Known as 300 series, austenitic stainless steels are the most commonly welded. These chrome nickel steels, in contrast to lower-cost stainless have more alloys and are “non magnetic” (Exception, types 310 – 330).
Austenitic grades of stainless steel typically contain a minimum of 16-26% chromium and 6-22% nickel.
308 Grade stainless steel, for example, is also referred to as 18-8 stainless steel and contains about 18% chromium and 8% nickel.

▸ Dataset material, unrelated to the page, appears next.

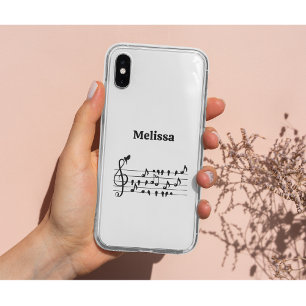 鳥のように自由に、音楽のノートとして歌の鳥の演技 iPhone 11 ケース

Austenitic stainless steel can be hardened by cold working, but not by heat treatment. In the annealed condition, all are nonmagnetic, although some may become slightly magnetic by cold working. At room temperature, the 300 Series stainless steels retain an austenitic microstructure. While resistance to corrosion is their principal attribute, they are also selected for their excellent strength properties at high or extremely low temperatures. They are considered to be the most weldable of the high-alloy steels. Comparatively, little trouble is experienced in making satisfactory welded joints if their inherent physical characteristics and mechanical properties are given proper consideration.
The principal criteria for selecting stainless steel is usually resistance to corrosion, and while most consideration is given to the corrosion resistance of the base metal, additional consideration should be given to the filler material and to the base metal immediately adjacent to the weld zone. Welding naturally produces a temperature gradient in the metal being welded, ranging from the melting temperature of the fused weld metal to ambient temperature at some distance from the weld.
Because of the long-term cost-effectiveness and inherent corrosion resistance of stainless steel, it has become a staple material across many industries. TIG welding stainless steel poses a number of distinct challenges, the greatest of which are carbide precipitation and distortion. The key to preventing these issues is good heat control, correct travel speeds, and adequate gas coverage.